**ACTIVITY**.
Below are entries. Reproduce exactly the lines between the line holding "MAINTENANCE-FREE ELEGANCE WITH" and the line holding "Summer day close", inclusive, and only those.

**PROVIDED RECORDS**.
++++++++
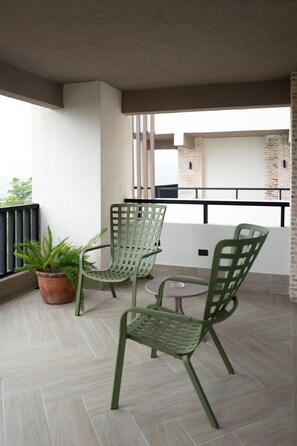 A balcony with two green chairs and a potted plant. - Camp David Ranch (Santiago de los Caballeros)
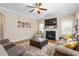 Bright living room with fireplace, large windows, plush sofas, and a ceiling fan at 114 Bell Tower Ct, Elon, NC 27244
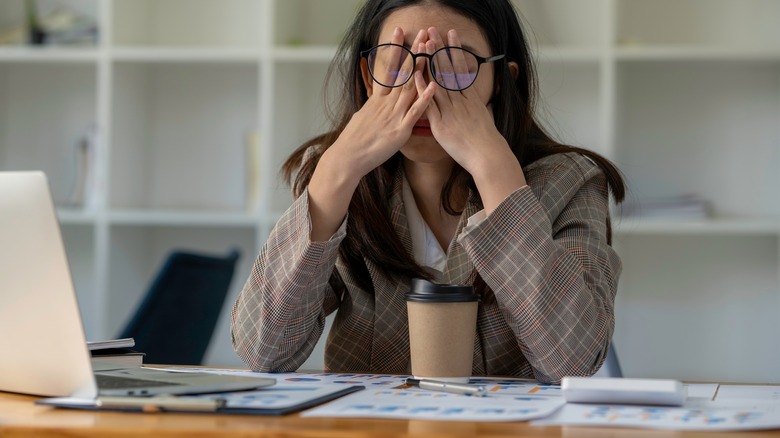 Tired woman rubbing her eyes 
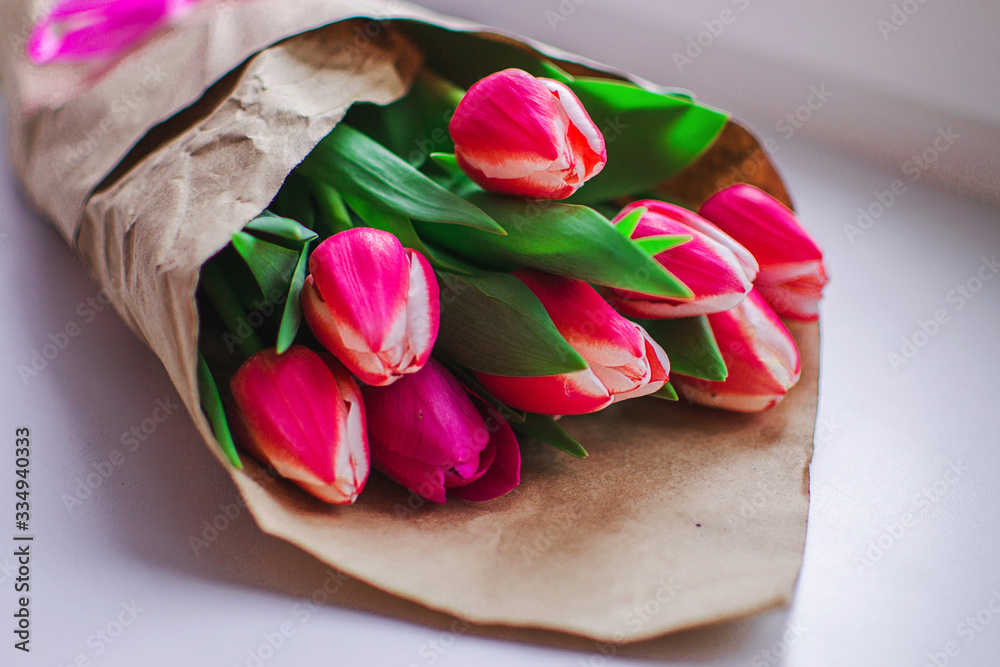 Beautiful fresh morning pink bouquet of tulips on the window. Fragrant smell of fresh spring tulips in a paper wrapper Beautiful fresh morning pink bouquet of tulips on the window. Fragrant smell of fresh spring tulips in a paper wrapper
++++++++
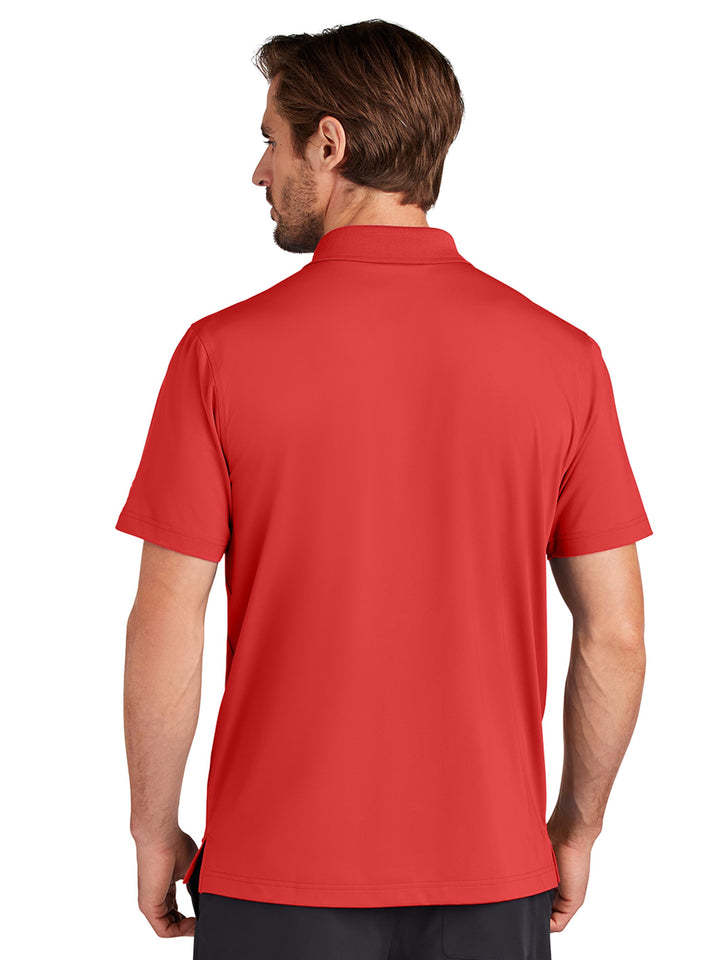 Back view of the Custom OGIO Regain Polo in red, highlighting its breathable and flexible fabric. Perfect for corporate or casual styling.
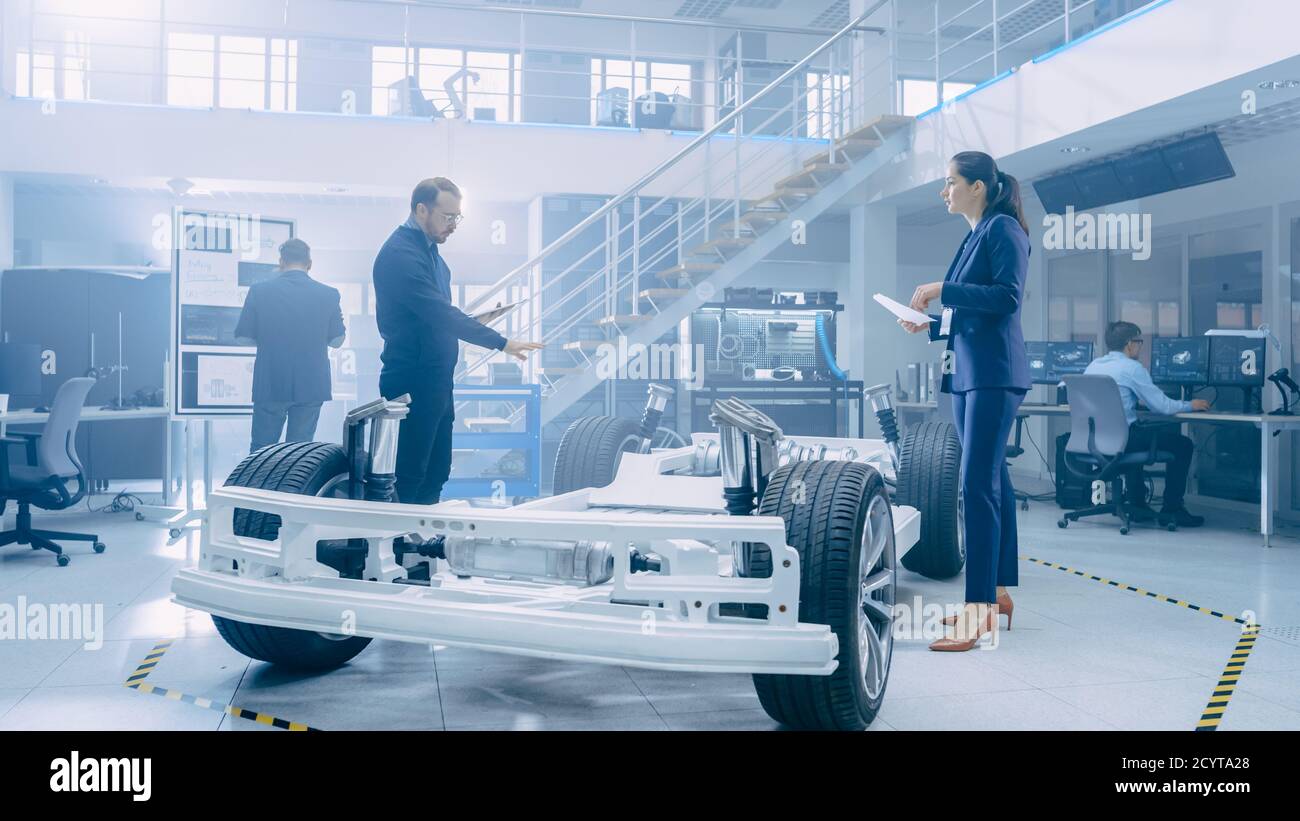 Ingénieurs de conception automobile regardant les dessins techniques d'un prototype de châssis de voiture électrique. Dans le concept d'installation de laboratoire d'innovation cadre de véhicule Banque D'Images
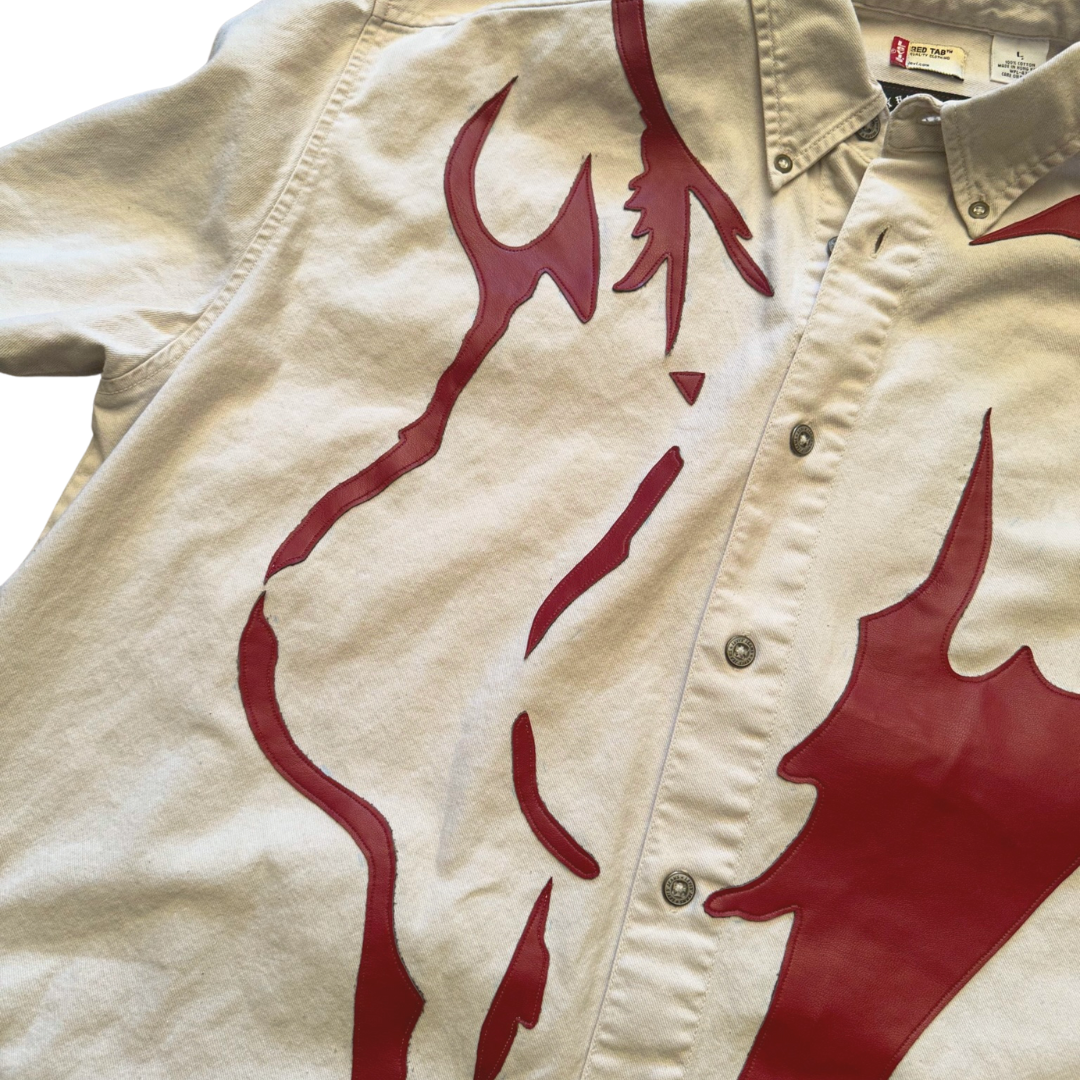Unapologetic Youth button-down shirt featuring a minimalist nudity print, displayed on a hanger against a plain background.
++++++++
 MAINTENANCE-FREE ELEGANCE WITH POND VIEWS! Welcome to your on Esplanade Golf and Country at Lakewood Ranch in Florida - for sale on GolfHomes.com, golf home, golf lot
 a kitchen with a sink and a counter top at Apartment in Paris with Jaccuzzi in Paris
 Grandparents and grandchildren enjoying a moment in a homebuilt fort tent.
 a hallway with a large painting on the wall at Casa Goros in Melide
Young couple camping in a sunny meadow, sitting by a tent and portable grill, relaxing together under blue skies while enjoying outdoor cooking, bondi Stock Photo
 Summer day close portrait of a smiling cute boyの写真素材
++++++++
**EXERCISE ANSWER**.
 MAINTENANCE-FREE ELEGANCE WITH POND VIEWS! Welcome to your on Esplanade Golf and Country at Lakewood Ranch in Florida - for sale on GolfHomes.com, golf home, golf lot
 a kitchen with a sink and a counter top at Apartment in Paris with Jaccuzzi in Paris
 Grandparents and grandchildren enjoying a moment in a homebuilt fort tent.
 a hallway with a large painting on the wall at Casa Goros in Melide
Young couple camping in a sunny meadow, sitting by a tent and portable grill, relaxing together under blue skies while enjoying outdoor cooking, bondi Stock Photo
 Summer day close portrait of a smiling cute boyの写真素材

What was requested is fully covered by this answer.